YOUR INSTRUCTIONS => Working through the data below, reproduce word for word the line with "Occhiali da sole" and every line after it, both ends included, and omit the pictures.

DATASET EXTRACT =>
======
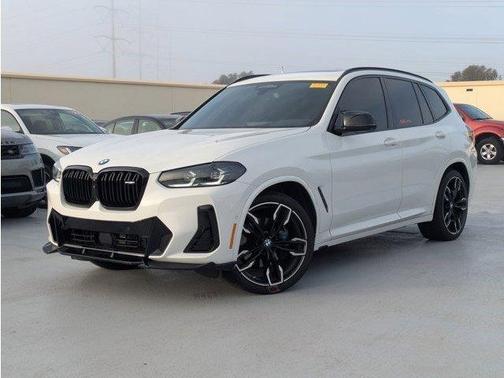 2023 BMW X3 M40i
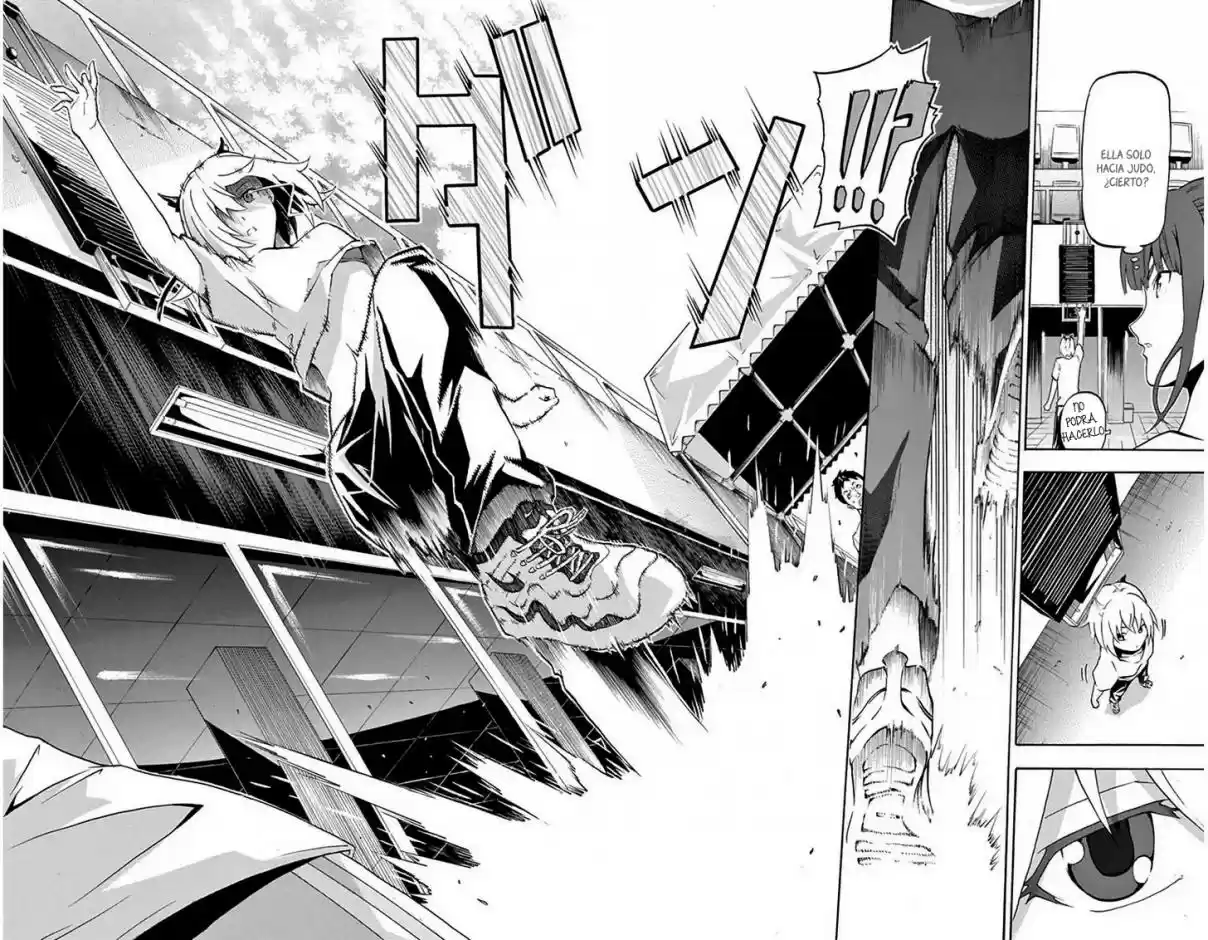 Keijo!!!!!!!! - Capítulo 4 - Página 16 - LectorTMOo
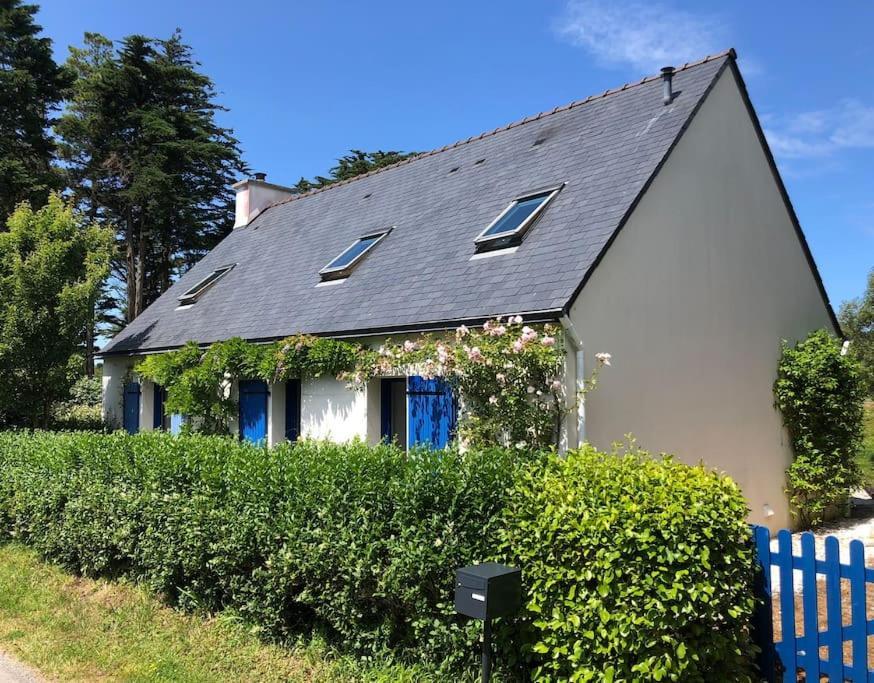 Maison Familiale 11 Couchages, Proche De La Palue Crozon Kültér fotó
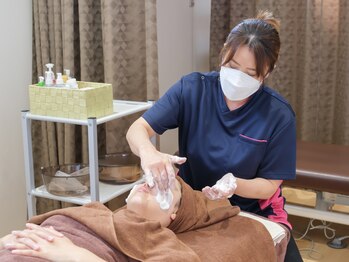 みやび接骨院/美顔整体・洗顔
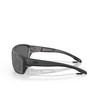 Occhiali da sole Oakley SPLIT SHOT 941602 matte carbon - anteprima prodotto 3/4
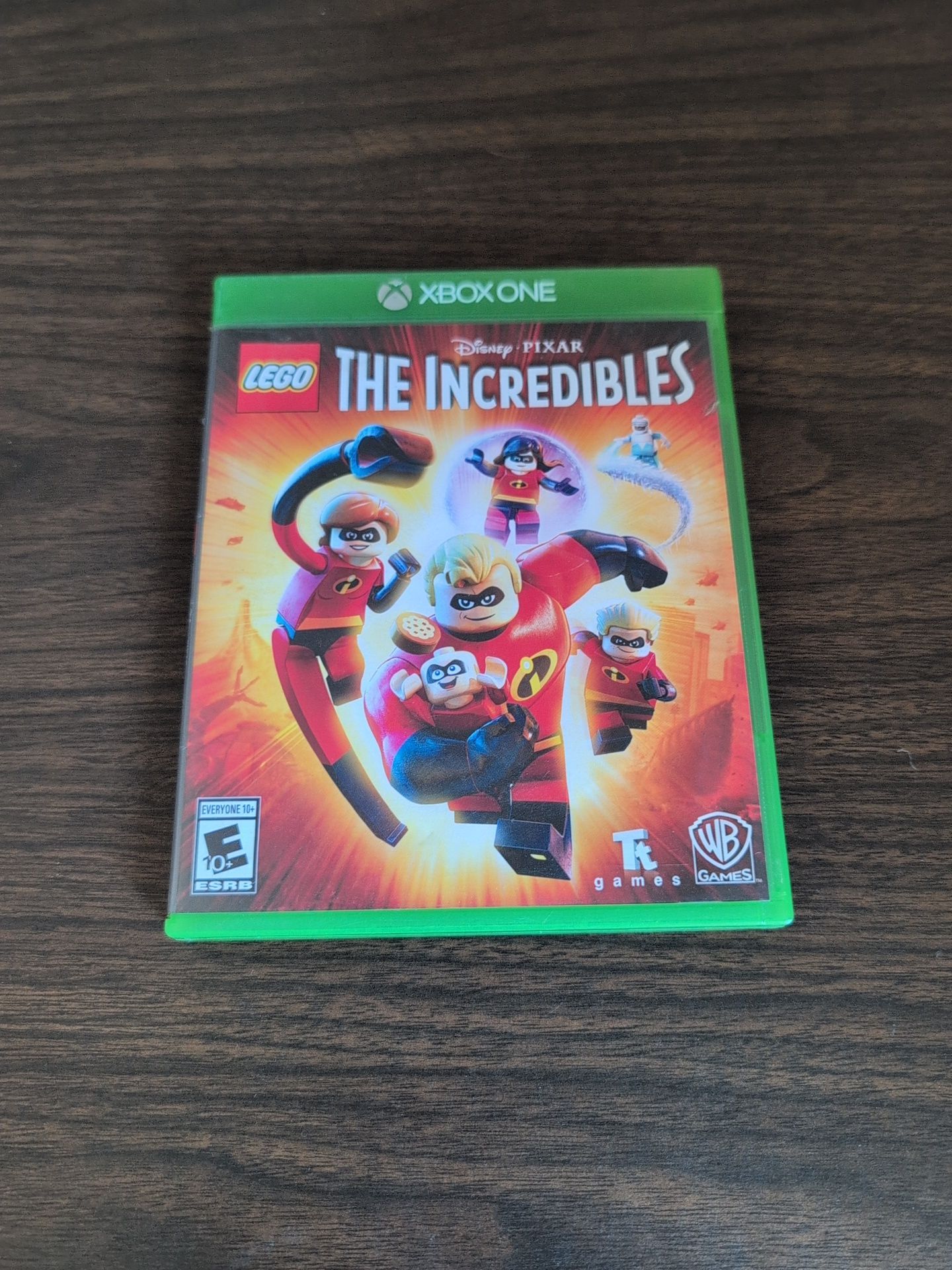 Xbox One LEGO The Incredibles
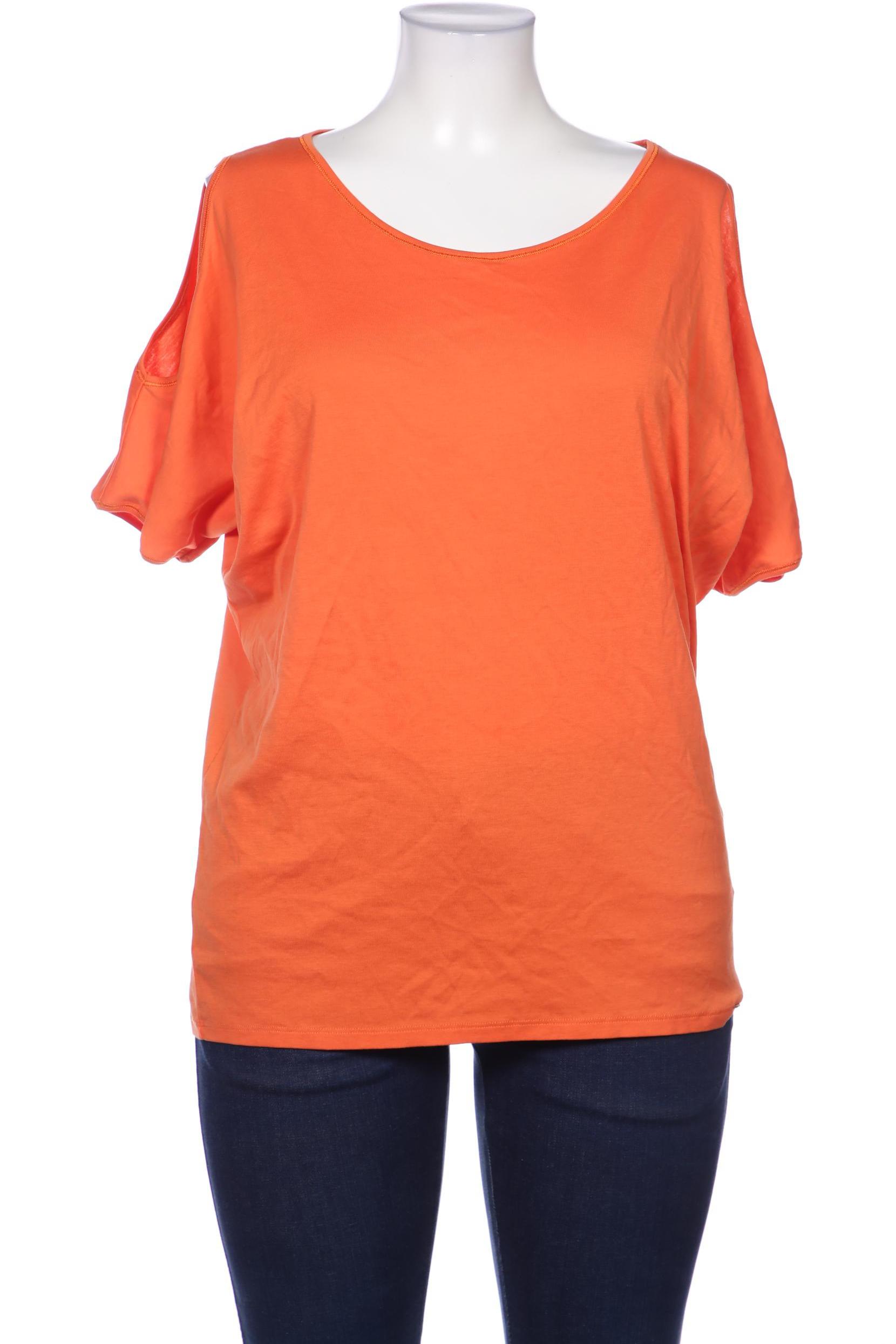 

Marc Cain Damen T-Shirt, orange, Gr. 42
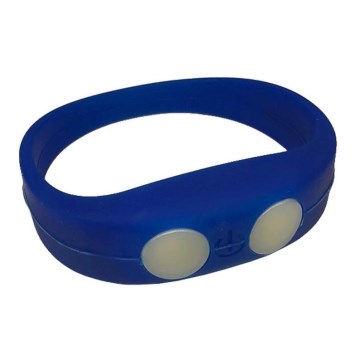 LED Karkötő világítással LED/0,4W/2xCR1220 IP44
======
WRITTEN ANSWER =>
 Occhiali da sole Oakley SPLIT SHOT 941602 matte carbon - anteprima prodotto 3/4
 Xbox One LEGO The Incredibles

Marc Cain Damen T-Shirt, orange, Gr. 42
 LED Karkötő világítással LED/0,4W/2xCR1220 IP44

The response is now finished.